- [EXERCISE INSTRUCTIONS]
Begin at the line below that has "ręcznie robiona świeca sojowa" and stop after the line that has "Property at 8 NASSAU COURT image 3". Please restate only those lines, word for word.

- [EXTRACTED RECORDS]

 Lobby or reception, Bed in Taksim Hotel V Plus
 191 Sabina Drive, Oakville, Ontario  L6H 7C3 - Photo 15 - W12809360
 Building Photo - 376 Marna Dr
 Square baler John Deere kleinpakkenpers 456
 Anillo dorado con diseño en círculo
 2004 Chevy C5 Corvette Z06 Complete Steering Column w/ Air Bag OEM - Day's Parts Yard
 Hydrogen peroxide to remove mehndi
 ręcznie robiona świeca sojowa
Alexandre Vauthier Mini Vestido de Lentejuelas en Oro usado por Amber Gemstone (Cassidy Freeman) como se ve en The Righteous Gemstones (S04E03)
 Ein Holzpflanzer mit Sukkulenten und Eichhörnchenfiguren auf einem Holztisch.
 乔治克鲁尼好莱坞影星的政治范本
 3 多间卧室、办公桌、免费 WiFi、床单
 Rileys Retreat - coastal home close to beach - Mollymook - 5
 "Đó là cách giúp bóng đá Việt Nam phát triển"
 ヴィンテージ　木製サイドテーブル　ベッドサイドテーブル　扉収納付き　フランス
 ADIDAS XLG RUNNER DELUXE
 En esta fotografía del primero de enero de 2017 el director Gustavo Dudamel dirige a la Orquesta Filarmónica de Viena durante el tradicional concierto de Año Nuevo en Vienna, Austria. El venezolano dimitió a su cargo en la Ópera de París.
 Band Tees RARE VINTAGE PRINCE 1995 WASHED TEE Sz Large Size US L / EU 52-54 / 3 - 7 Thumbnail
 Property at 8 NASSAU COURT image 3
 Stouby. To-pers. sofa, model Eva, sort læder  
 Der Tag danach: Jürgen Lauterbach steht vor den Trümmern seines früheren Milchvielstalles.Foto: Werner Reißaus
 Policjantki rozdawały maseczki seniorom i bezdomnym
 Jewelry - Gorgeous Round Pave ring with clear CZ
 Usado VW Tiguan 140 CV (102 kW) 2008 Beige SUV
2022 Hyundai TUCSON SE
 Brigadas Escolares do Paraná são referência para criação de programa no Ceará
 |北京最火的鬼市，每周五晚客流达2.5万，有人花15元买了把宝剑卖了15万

- [EXERCISE RESPONSE]
 ręcznie robiona świeca sojowa
Alexandre Vauthier Mini Vestido de Lentejuelas en Oro usado por Amber Gemstone (Cassidy Freeman) como se ve en The Righteous Gemstones (S04E03)
 Ein Holzpflanzer mit Sukkulenten und Eichhörnchenfiguren auf einem Holztisch.
 乔治克鲁尼好莱坞影星的政治范本
 3 多间卧室、办公桌、免费 WiFi、床单
 Rileys Retreat - coastal home close to beach - Mollymook - 5
 "Đó là cách giúp bóng đá Việt Nam phát triển"
 ヴィンテージ　木製サイドテーブル　ベッドサイドテーブル　扉収納付き　フランス
 ADIDAS XLG RUNNER DELUXE
 En esta fotografía del primero de enero de 2017 el director Gustavo Dudamel dirige a la Orquesta Filarmónica de Viena durante el tradicional concierto de Año Nuevo en Vienna, Austria. El venezolano dimitió a su cargo en la Ópera de París.
 Band Tees RARE VINTAGE PRINCE 1995 WASHED TEE Sz Large Size US L / EU 52-54 / 3 - 7 Thumbnail
 Property at 8 NASSAU COURT image 3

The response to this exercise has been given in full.